May 04, 2021 by Madaar

In honor of World Press Freedom Day, Madaar presents a review of the situation of press freedom and attacks on journalists in different countries of the Arab-Maghreb region. The region ranks high on global registers of attacks on journalists and media projects, making it one of the most dangerous regions to be a journalist. Yet, people driven by the need to counter the narratives imposed by imperialism and speak the truth about valiant people’s movements and state repression such as with the Hirak protests in Rif, Morocco and across Algeria, continue writing and continue publishing.

Morocco: Fighting for the dignity of the people

“Tyranny is not destiny, freedom has to be achieved, even if it takes a long time. Besides, if my time has come to pay the price on behalf of this wretched new generation, which was born between the Old and the so-called New regime, then I am ready to pay it with all courage, and I will go to my fate with a calm, smiling heart with a relaxed conscience.” These were the words written by Moroccan investigative journalist Omar Al-Radi, before he was arrested and placed in pre-trial detention where he remains till today. He had previously informed authorities that the complaint against him on charges of rape and indecent assault was “malicious”, and that the case It is not detached from the “judicial harassment to which he was subjected”.

On June 22, 2020, Amnesty International issued a report stating that the journalist Omar Al-Radi’s phone had been hacked using the “Pegasus” spyware which is produced by the Israeli company “NSO”. This company states that it sells its spying technology to governments only. Immediately after that, Al-Radi was subjected to a series of harassment, including the close monitoring of his private life, and a continuous campaign of defamation, insults and slander against him and his family by pro-government newspapers. He also has been subjected to a series of repeated and long lasting interrogations. In about one month, Omar was interrogated ten times by the National Brigade of the Moroccan Judicial Police. The accusations were “receiving money from foreign parties with the aim of harming the internal integrity of the state.”

On Wednesday, July 29, 2020, the Moroccan authorities arrested the journalist Omar Radi and placed him under the measures of preventive detention for several accusations. Omar was charged of indecent assault, violence and rape, while the Moroccan Public Prosecution submitted a petitioner to charge him of “receiving foreign funds with the aim of harming the state’s internal affairs and the initiation of contacts with secret services of a foreign state with the aim of harming Morocco’s diplomatic status. ”

Omar has already expressed that he had been subjected to a “trap carefully and tightly prepared for months, while the attempt to target him had been running several weeks ago.” This detention coincided with the repeated summons directed to him by the police for various accusations. However, he said that the plaintiff of the rape accusation had had consensual sex with him, and that the matter does not contradict his principles and his human rights education.
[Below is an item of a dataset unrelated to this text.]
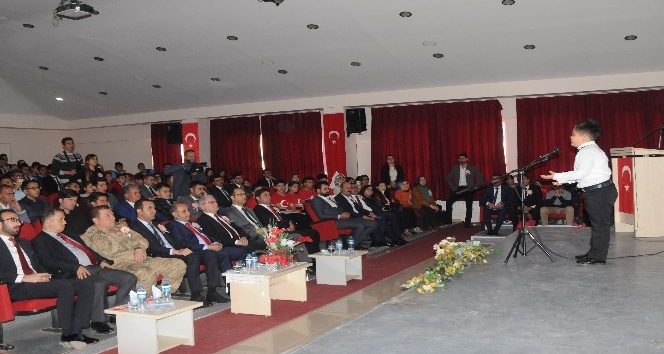 Şırnak’ta İstiklal Marşı’nın kabulü ve Mehmet Akif Ersoy’u Anma etkinliği düzenlendi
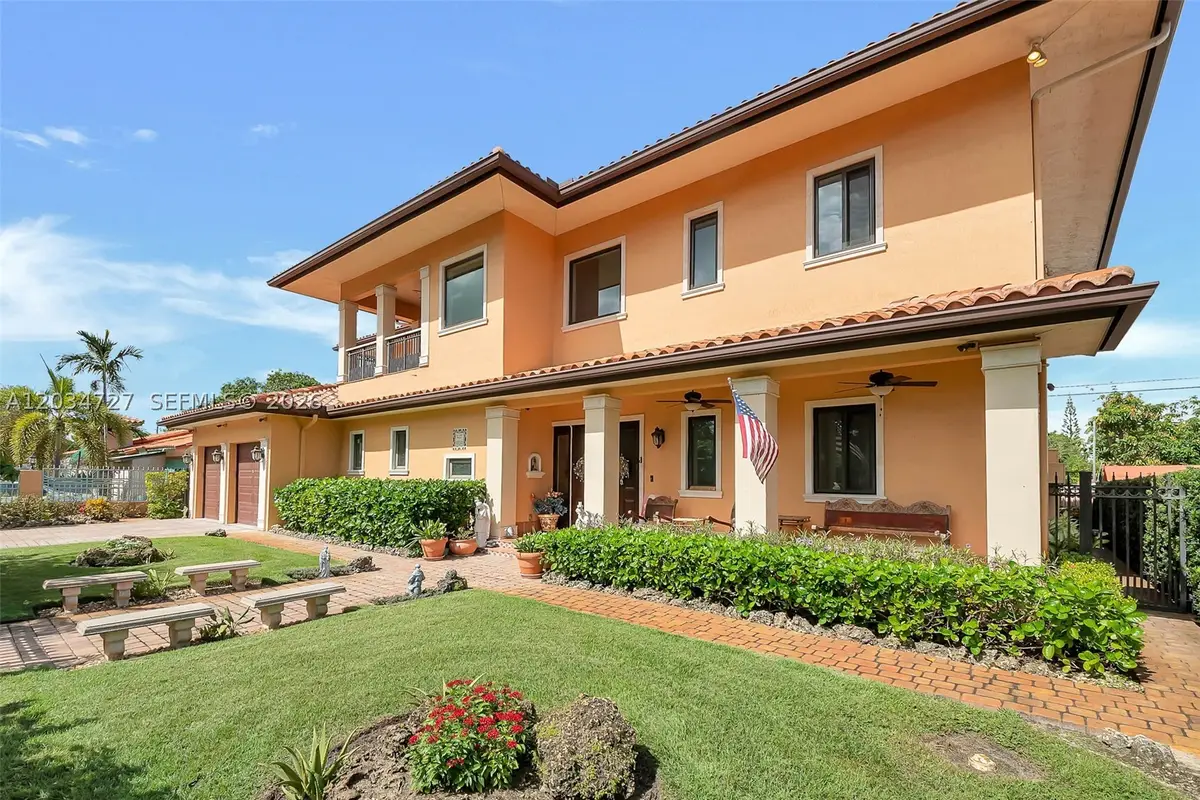 4251 SW 11th St, Miami, FL 33134 - #1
The National Committee for Freedom of Prisoners of Conscience and the Defense of Freedom of Expression (Morocco) expressed its “blatant condemnation of the arrest of journalist and human rights activist Omar Radi,” and expressed its full support for him “as a prisoner of conscience who pays the price for his professional investigative journalism on the files of corruption in power and his critical political opinions. Manifestations of tyranny in the prevailing political system, and his human rights struggle in support of groups whose rights are denied.”

On August 1,  2020, the committee, which is made up of prominent Moroccan human rights figures, issued a statement in which it declared that “the frequent resort to sexual charges to arrest critical journalists, activists and dissidents has become a method that exposes its owners and no longer fools anyone.” It also called for the immediate release of Omar Al-Radi, and putting an end to “the various methods of harassment and intimidation against him, including methods of defamation and insult in Yellow Newspapers.”

The latest detention of Omar is not the first one targeting him. He was arrested on December 25, 2019, due to harsh criticism of the Moroccan judicial authorities after the judgments issued against the detainees of the Hirak Rif (northern Morocco). He was imprisoned for a period of six days, then he was convicted to four-months suspended sentence for “insulting the judiciary”. On July 6, 2020, Omar was also accused of public consumption of alcohol and violence against a photographer affiliated with a pro-government media outlet, who defamed him many times. Consequently, Omar spent a night in detention while the accusation was continued.

Since Omar’s detention, his father, Idris Al-Radi who is also an activist in the ranks of the leftist party of “Social Democratic Vanguard Party”, has been writing a letter every day to his son in prison. So far, his father has written two hundred and fifty letters. In the last letter he expressed that: “The countdown has begun to face heavy and fabricated charges based on the security approach that targeted young activists whose motivation for struggle was their love for their country. Those young people dared to confront the corruption that prevailed all over the country. Meanwhile, several free activists have been mobilizing all over the country to express solidarity with you. They demand your freedom and struggle to put an end to political imprisonment which brings back the Years of Lead and makes the matter of democratic transition costly in terms of freedoms and rights of citizens and social justice that preserves the dignity of people and protects them from poverty.”

The father of the detained journalist added, in words of burning and bitterness: “This trial will be a trial of the security apparatus and its unpopular and anti-democratic public policies, led by the savage capitalist camp which is not concerned with the interests of the country, but rather its own interests in order to gain political power and money.”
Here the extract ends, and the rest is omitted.